Anche perché vorrei capire una cosa: se il tema è quella dei profughi, perché invece di accogliere i siriani che sono profughi davvero, abbiamo preferito lavarci la coscienza pagando 6 miliardi alla Turchia perché li ammassi nei centri-lager sul confine? Qual è la ratio di lasciare chi fugge davvero dalla guerra in condizioni di pericolo e accogliere chi, come gli eritrei, scappa dal servizio militare obbligatorio? In Germania è stato reso noto la scorsa settimana che 33mila immigrati a cui era stata respinta la domanda di asilo sono spariti, datisi alla macchia nel Paese dove ora vivono da clandestini. Non vi pare che l’atteggiamento da falco che Angela Merkel ha assunto negli ultimi giorni sul tema del burka sia un caso eclatante di coda di paglia?

È vero, Austria, Francia e Svizzera si stanno comportando da egoisti sigillando le frontiere e tramutando i punti di confine italiani in tappi senza sfogo, ma qual è il primo dovere di un governo? A casa mia, fare il bene per i propri cittadini. Il cosiddetto bene comune, di cui a Rimini si parla molto e spesso. Non mi pare che sulla vicenda immigrazione le forze politiche che sostengono il governo stiano applicando quel principio valoriale, anzi. Oltretutto, navigando a vista sullo scenario internazionale.

Abbiamo fatto i diavoli a quattro per la presenza di nostre forze speciali in Libia senza autorizzazione del Parlamento ma poi basta, solita sterile polemica per colpire il governo ma senza una finalità di reale approfondimento. Mentre qui parliamo di burkini e altre amenità, in Libia il quadro politico e strategico sta cambiando: in reazione ai raid Usa che tanto abbiamo applaudito, il generale Khalifa Haftar cerca di ritagliarsi di nuovo un ruolo da protagonista e non solo minaccia l’attacco ai terminal petroliferi, ma negozia in segreto con i russi ed è in rotta con i francesi.

Il governo di Fayez al-Sarraj gli ha infatti sottratto legittimazione con l’offensiva contro l’Isis e l’appoggio dei cacciabombardieri americani e ora l’uomo forte di Tobruk, dopo aver offerto appoggio alle potenze occidentali ed essersi sentito rispondere picche, cambia strategia. Il primo luglio è andato a Mosca per una visita non ufficiale: alcune foto pubblicate dal giornale libico Alwasat alcuni giorni fa lo hanno immortalato con il ministro della Difesa, Sergei Shigou, con il viceministro degli Esteri, Igor Morgulov e infine con il consigliere personale di Putin, Nikolai Patrushev.

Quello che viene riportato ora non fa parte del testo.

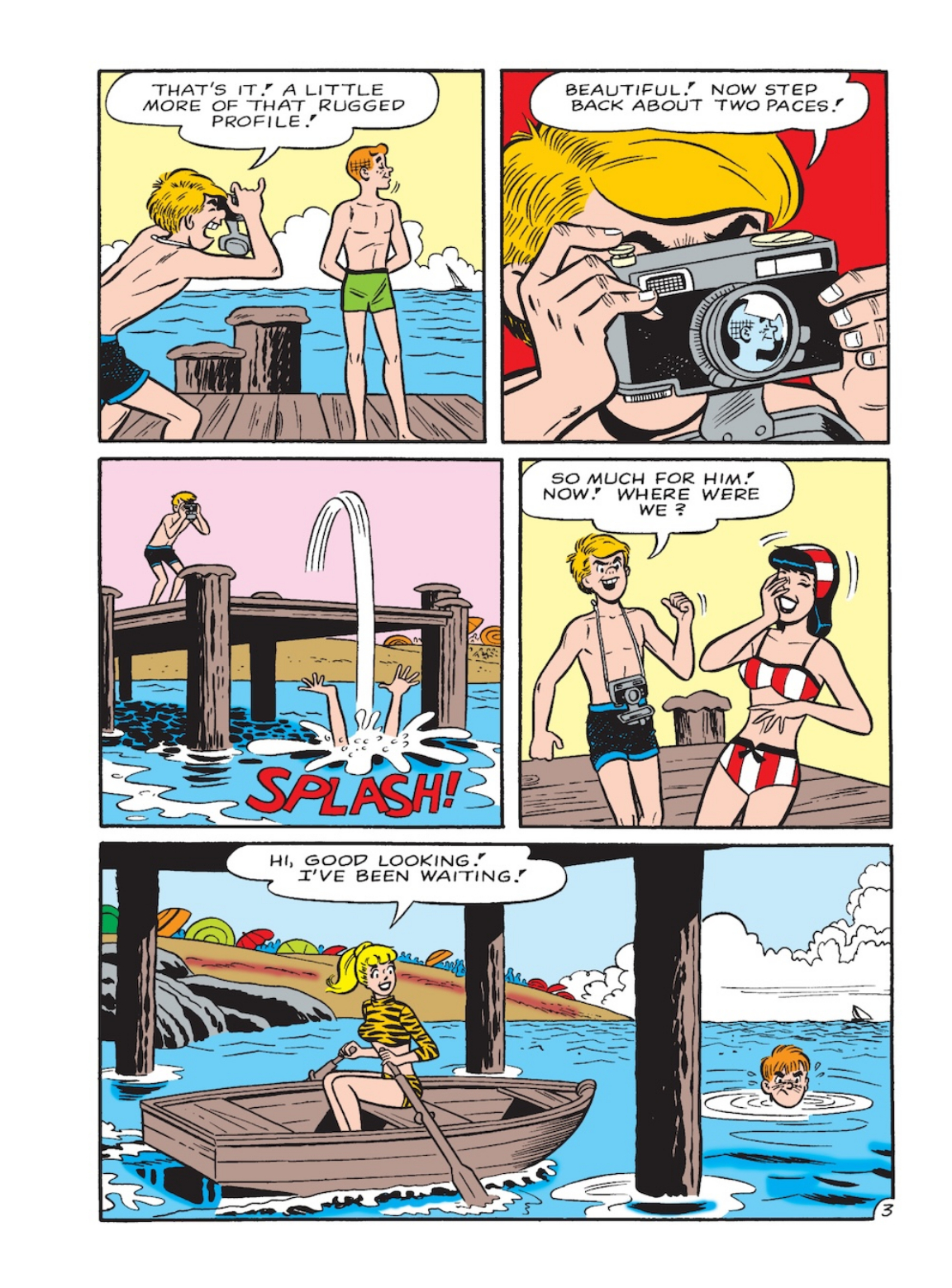 Betty and Veronica Double Digest (1987-) issue 325 - Page 63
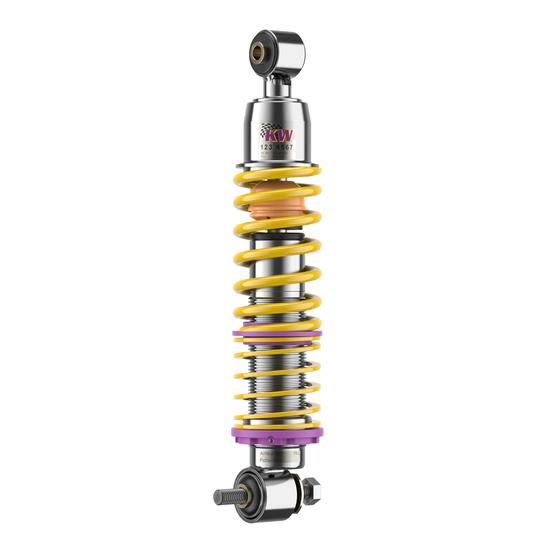 KW Coilover suspension V3 inox - Porsche 944 (944) (944 Turbo) [3527100G]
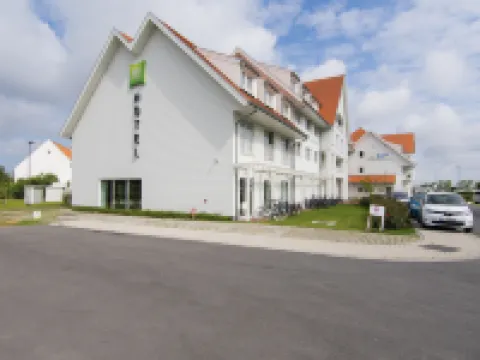 Holiday Suites Nieuwpoort Hotels in Nieuwpoort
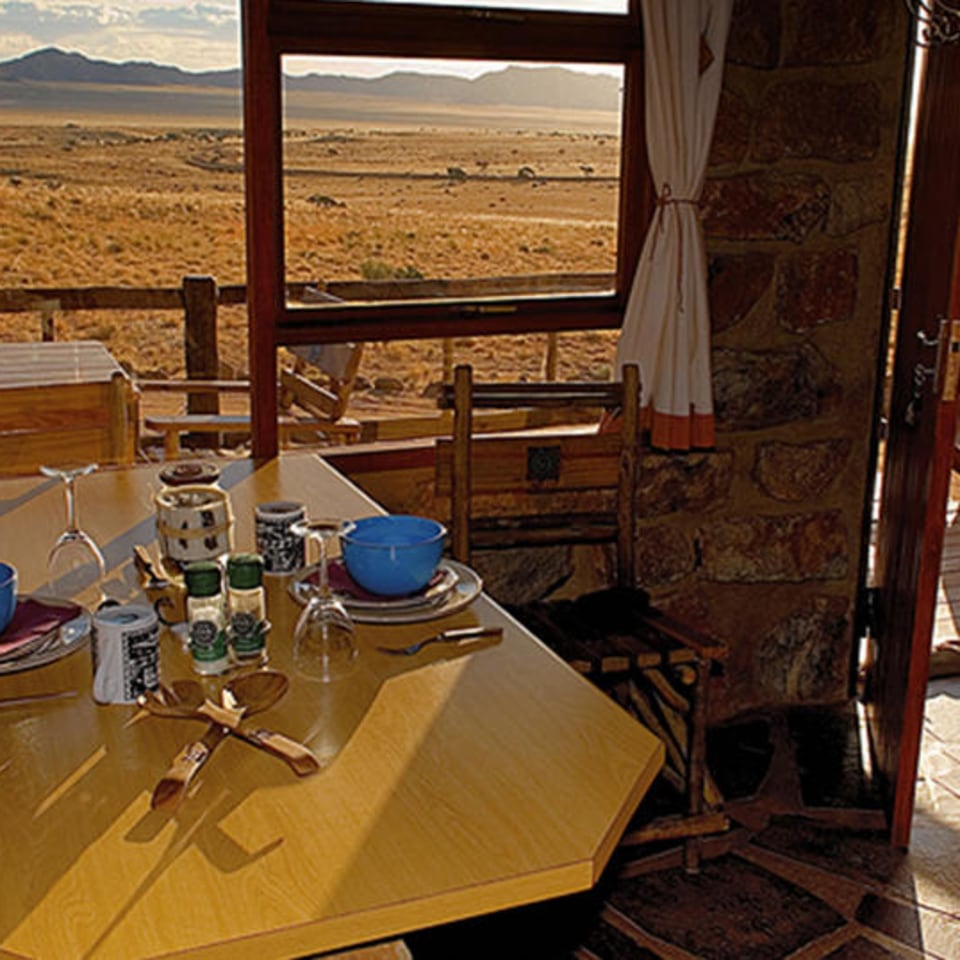 Klein-Aus Vista Eagl’s Nest Chalets
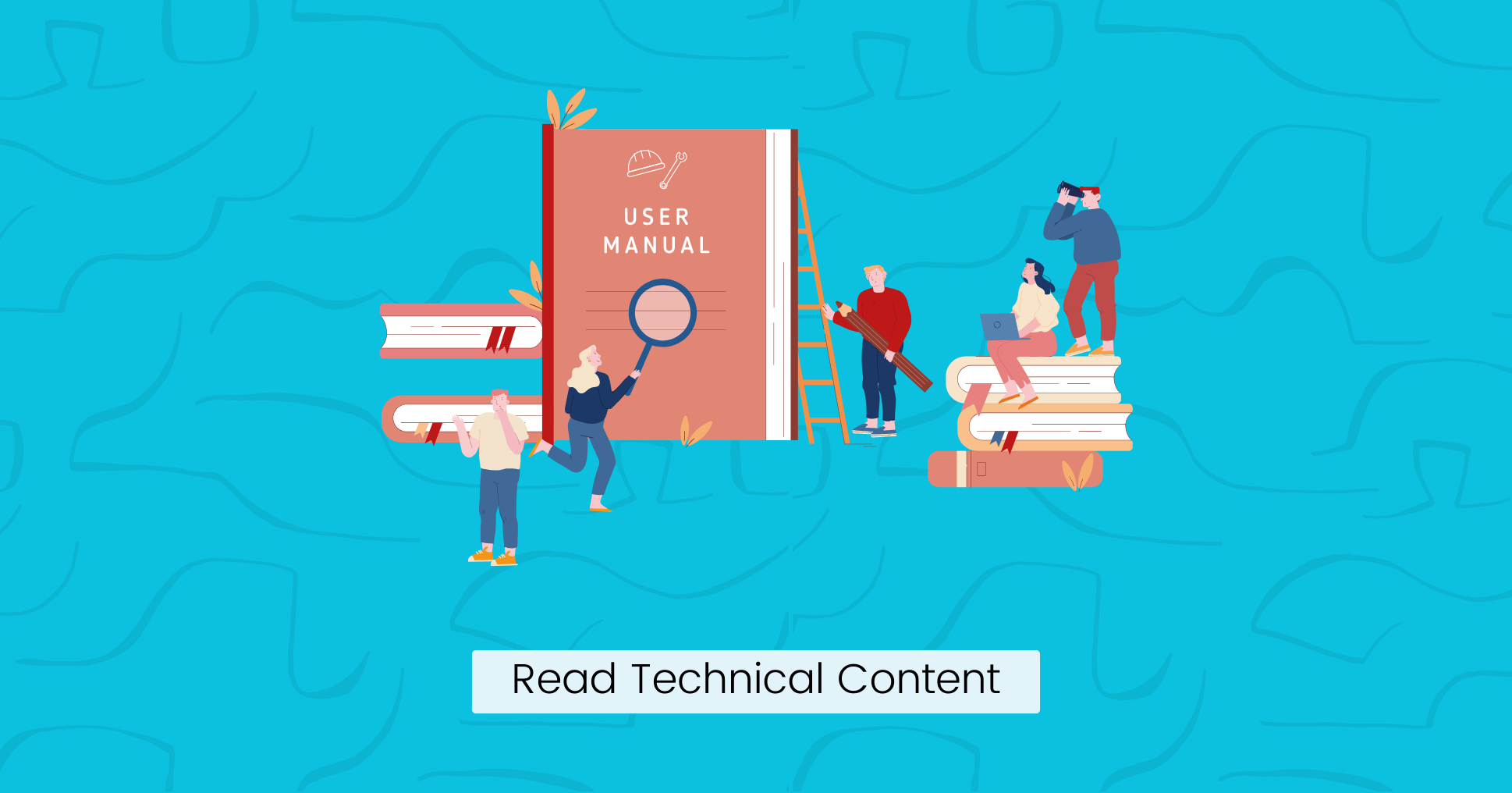 Read Technical Content
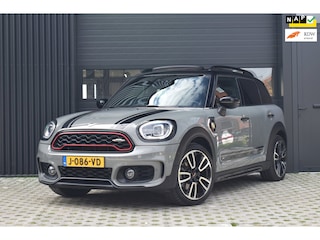 Mini Countryman 1.5 Cooper S E ALL4 JCW NIEUW MODEL| PANO | SCHAALSTOELEN |H&K | JOHN COOPER WORKS | KEYLESS | CARPLAY
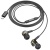 навушники borofone bm90 lightning (bluetooth connection) (чорний) 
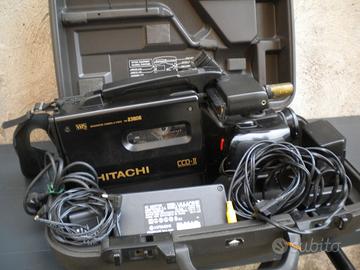 Videocamera Hitachi VM 2380 E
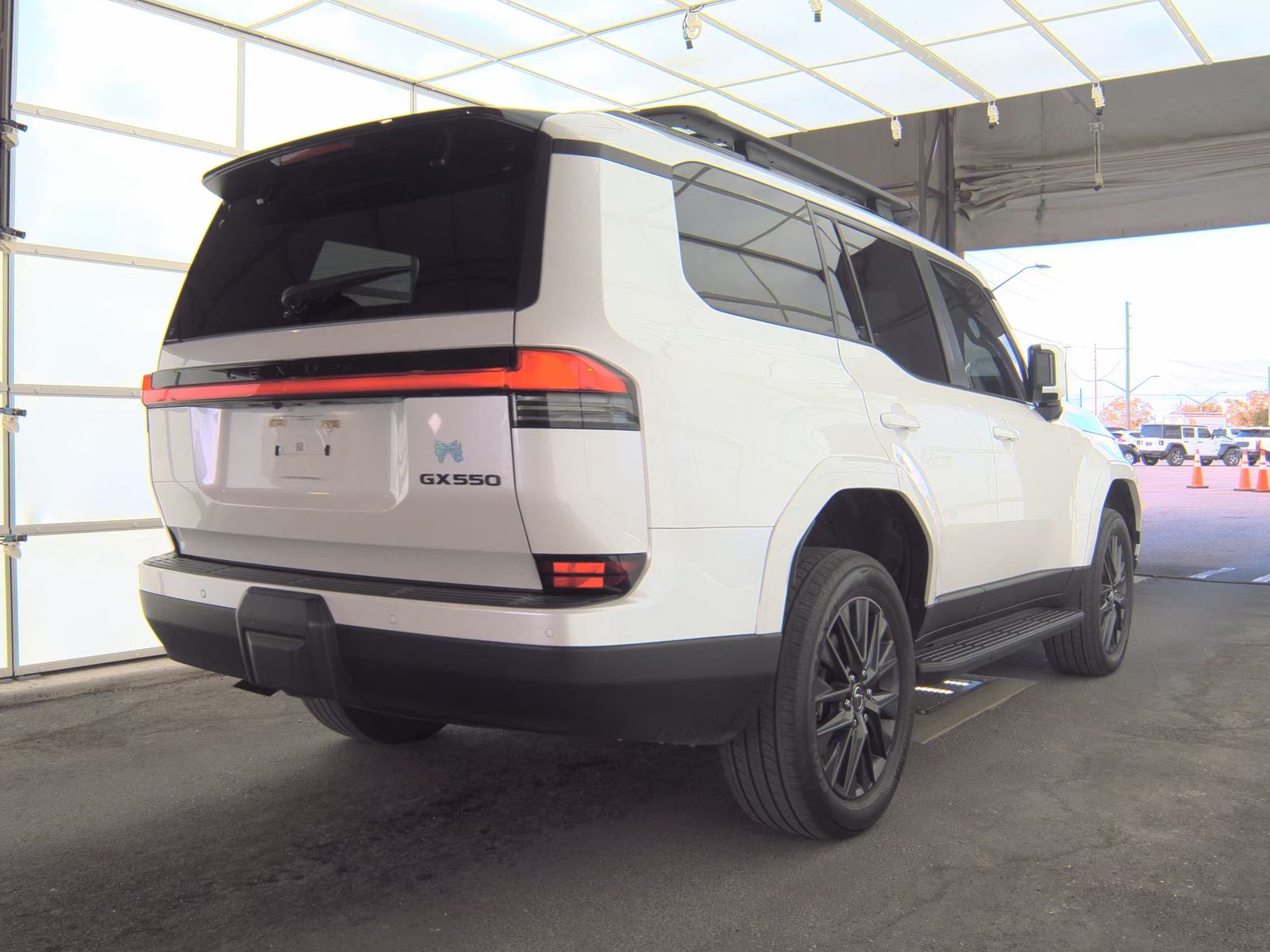 2024 Lexus GX GX 550 Premium AWD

Rischiamo una Libia spaccata non solo in due, ma sotto due sfere di influenza geopolitica differenti a antitetiche: governo di Fayez al-Sarraj con americani e britannici e quello di Haftar con russi e turchi, vista la nuova liaison tra Ankara e Mosca. Di fatto, un’altra guerra proxy, un altro conflitto per anteposta persona tra Usa e Russia.

Da che parte sta l’Italia? Perché un domani che queste alleanze dovessero cristallizzarsi, i flussi di migranti potrebbero essere usati come arma di pressione sui Paesi alleati del nemico. Quali? Se Erdogan gioca duro, aprirà i confini con Grecia e Bulgaria. Ma se in Libia qualcuno vuole destabilizzare, i flussi saranno tutti nostri via Mediterraneo. E con le frontiere a Nord del nostro Paese sigillate. Quindi, prima di parlare di dovere dell’accoglienza, cerchiamo di guardare al quadro più ampio. Perché in questa fase storica ci sono presunti “doveri” che non possiamo più permetterci.